Thoughts on Native CSS Mixins
Briefly

Thoughts on Native CSS Mixins
"Miriam Suzanne says: The CSS Working Group has agreed to move forward with CSS-native mixins. And there is a spec, but the spec only deals with @function (which does exist). Functions are a little similar but act only as a single value rather than a block of styles. The idea comes from Sass @mixin. We happen to use Sass (SCSS) at CodePen and as I write, we have 328 @mixin definitions in the codebase, so it's clearly of use."

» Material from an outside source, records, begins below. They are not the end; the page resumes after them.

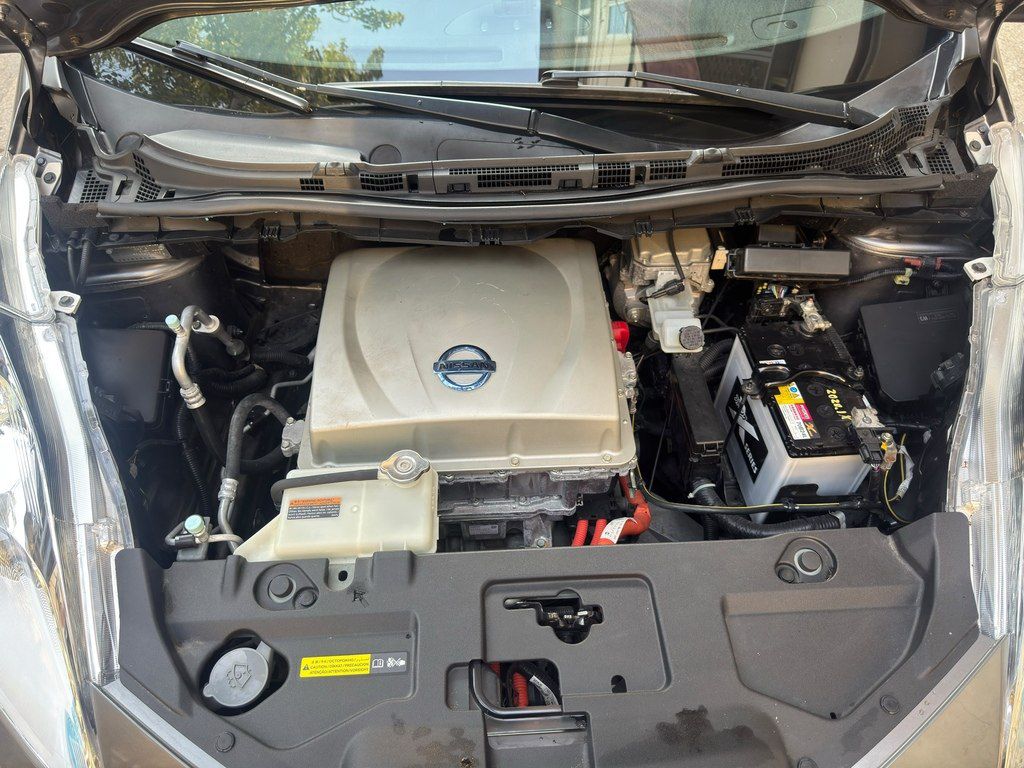 Nissan Leaf, 24 kWh, 2015 il, 39 500 km — Avtomobillər, Bakı (8)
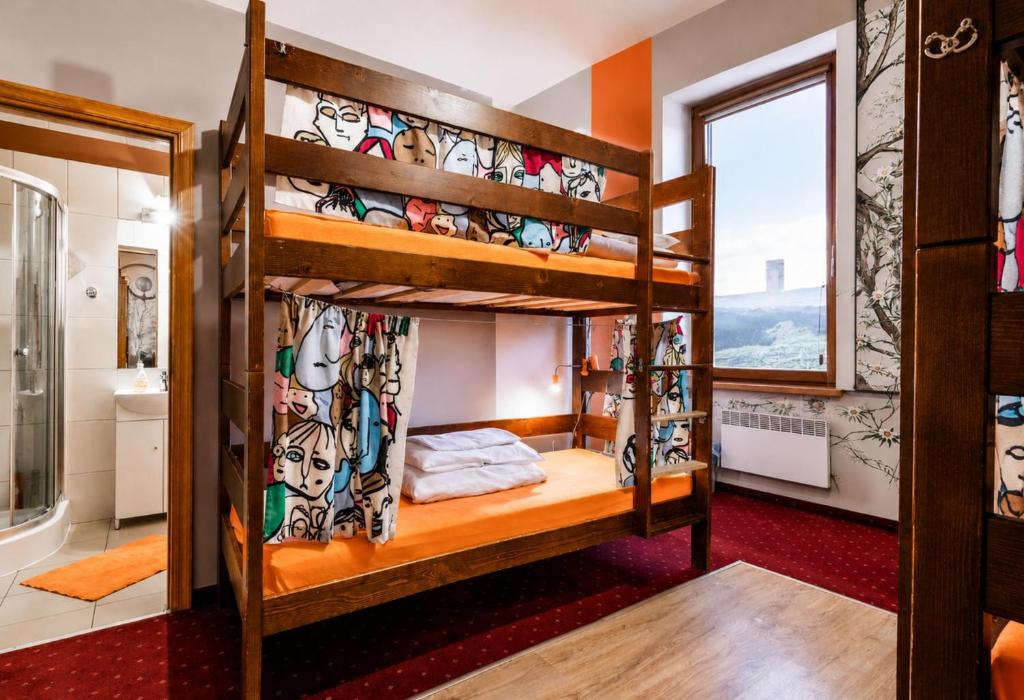 Top Hostel Pokoje Gościnne - Bed In Interconnected 6-Bed Dormitory Room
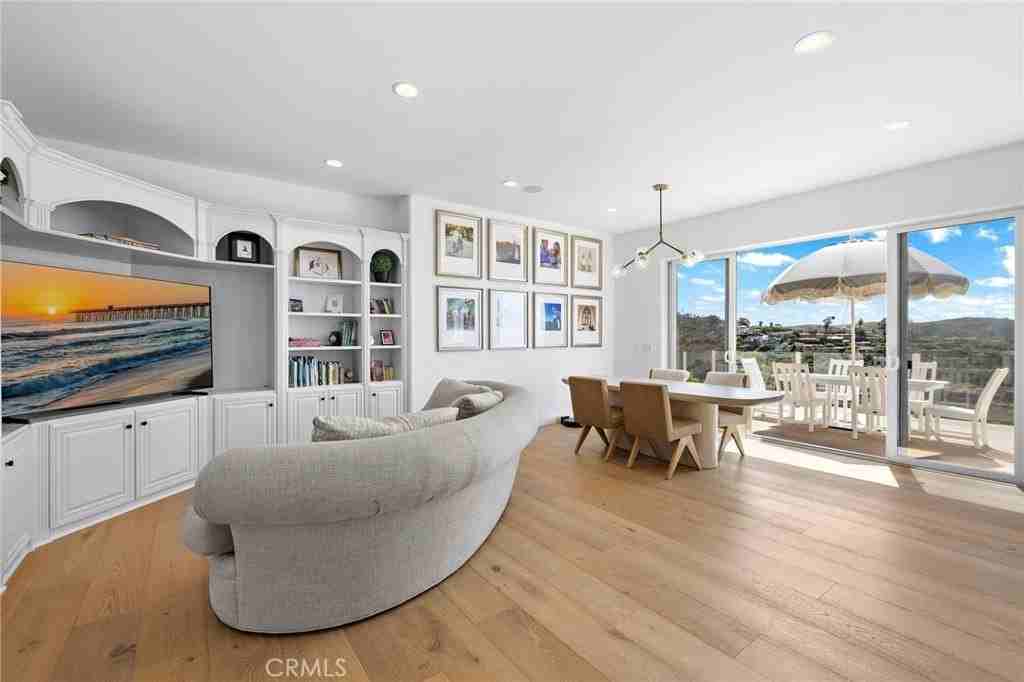 1545 Caribbean Way - Photo 7 of 28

"Things can get a little fancier in Sass, but it's all pretty straightforward: Mixins can include nesting and work in nested code. They can even slot in nested content you pass to it. Mixins can use other mixins. Mixins can have parameters (like a function) and use/calculate off those values in the output. I would assume and hope that all of this is supported in native CSS mixins."
Native CSS mixins would provide reusable blocks of CSS that can be inserted wherever needed, similar to Sass @mixin but native to CSS. Mixins would support nesting, composition, parameterization, and slotting nested content, enabling more complex style patterns. @function exists but returns a single value; mixins output entire blocks of styles. The anticipated usage syntax favors @apply over @include to avoid preprocessor conflicts. Native mixins aim to reduce the need for preprocessors, limit duplicated compiled CSS, and make shared style patterns available directly in core CSS.